*** Opening of Records for the task ***
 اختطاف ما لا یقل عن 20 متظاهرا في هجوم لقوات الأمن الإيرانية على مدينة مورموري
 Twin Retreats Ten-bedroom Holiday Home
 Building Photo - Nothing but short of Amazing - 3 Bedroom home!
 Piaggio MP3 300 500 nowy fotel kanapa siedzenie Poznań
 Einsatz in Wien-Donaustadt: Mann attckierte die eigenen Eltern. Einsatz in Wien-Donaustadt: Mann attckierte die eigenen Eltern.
*** Close of Records for the task ***
*** Opening of Records for the task ***
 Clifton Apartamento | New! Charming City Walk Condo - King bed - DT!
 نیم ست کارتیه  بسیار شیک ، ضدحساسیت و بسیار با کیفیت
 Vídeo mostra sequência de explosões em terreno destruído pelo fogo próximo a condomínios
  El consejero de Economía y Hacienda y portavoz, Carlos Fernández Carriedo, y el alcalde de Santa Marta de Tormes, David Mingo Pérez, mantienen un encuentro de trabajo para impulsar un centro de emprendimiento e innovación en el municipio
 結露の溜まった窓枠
*** Close of Records for the task ***
*** Opening of Records for the task ***
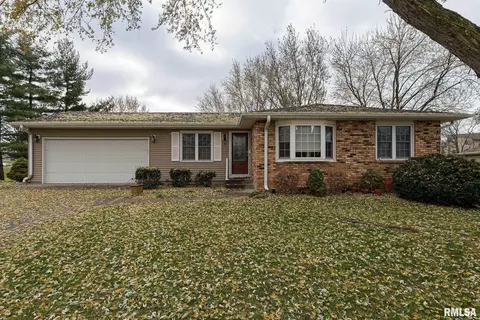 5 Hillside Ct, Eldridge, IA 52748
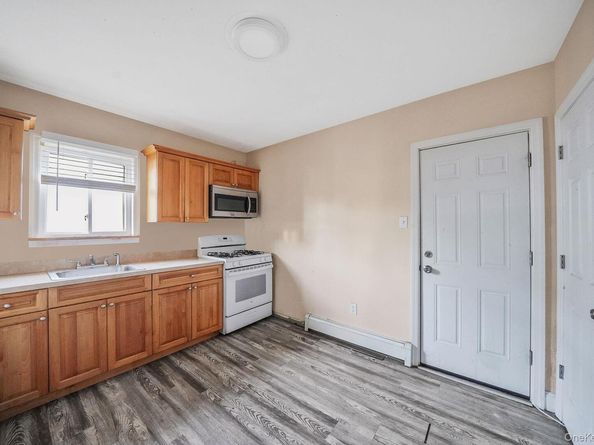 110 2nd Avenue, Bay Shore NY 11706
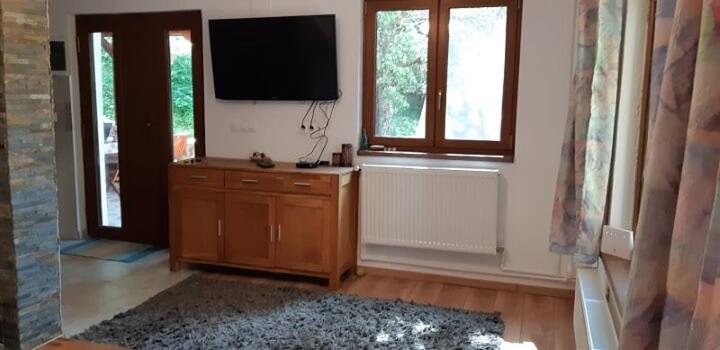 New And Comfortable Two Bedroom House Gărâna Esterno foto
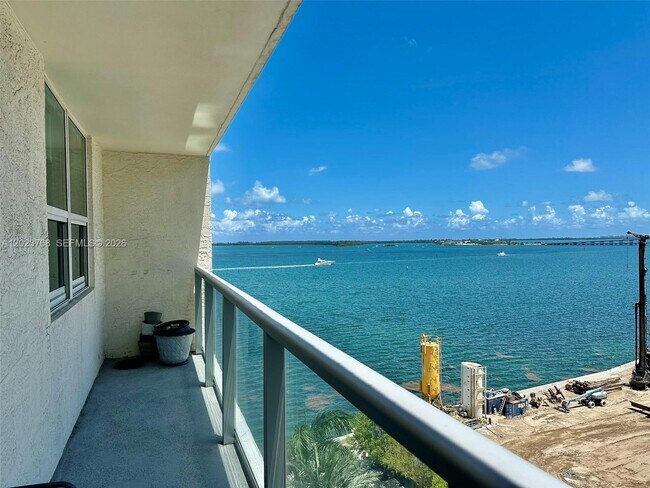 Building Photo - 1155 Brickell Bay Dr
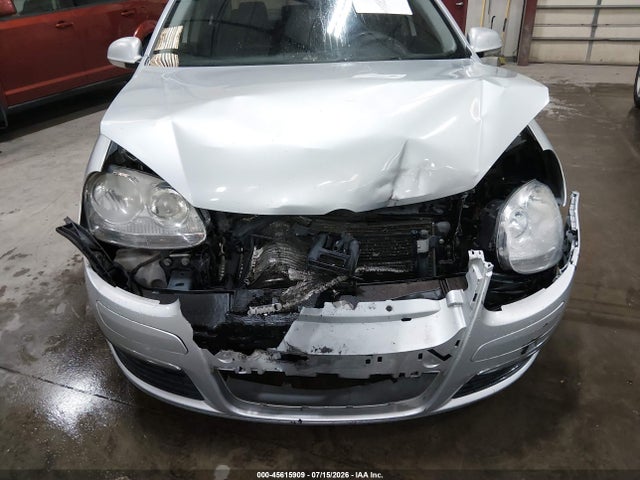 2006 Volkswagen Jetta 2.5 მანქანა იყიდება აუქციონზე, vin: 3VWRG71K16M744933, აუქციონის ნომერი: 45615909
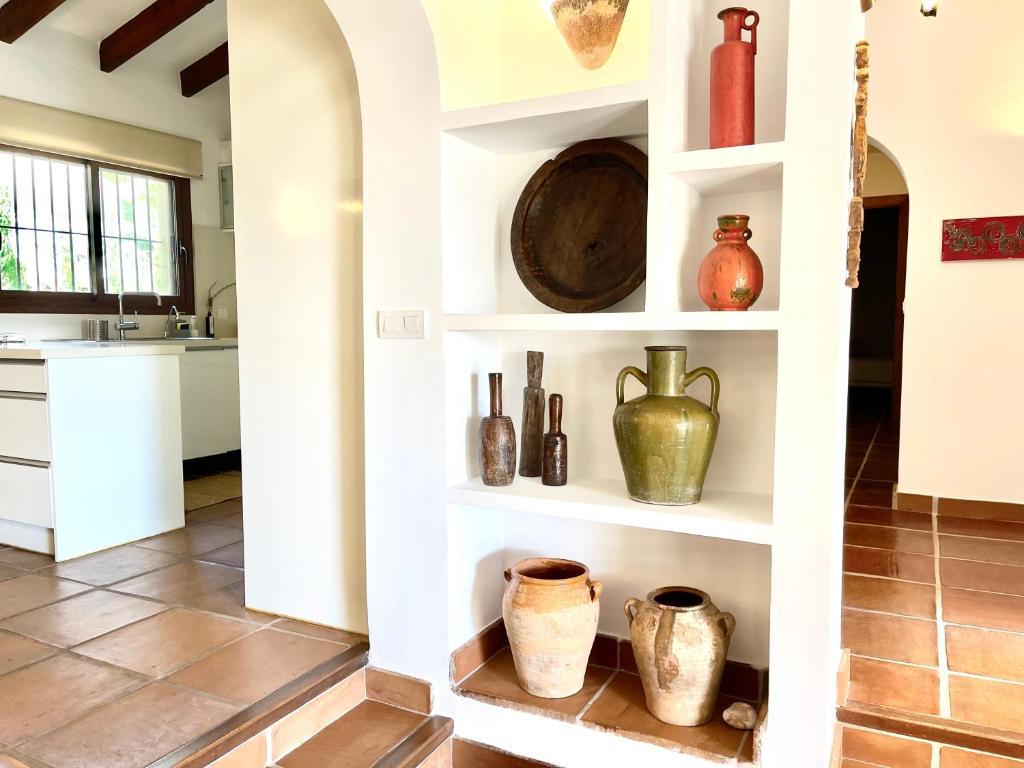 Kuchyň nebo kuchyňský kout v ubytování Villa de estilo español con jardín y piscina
*** Close of Records for the task ***
Required work:
The line above containing "Clifton Apartamento |", the line containing "Vídeo mostra sequência", and every line between them are to be transcribed exactly; no other line is wanted.

Problem solution:
 Clifton Apartamento | New! Charming City Walk Condo - King bed - DT!
 نیم ست کارتیه  بسیار شیک ، ضدحساسیت و بسیار با کیفیت
 Vídeo mostra sequência de explosões em terreno destruído pelo fogo próximo a condomínios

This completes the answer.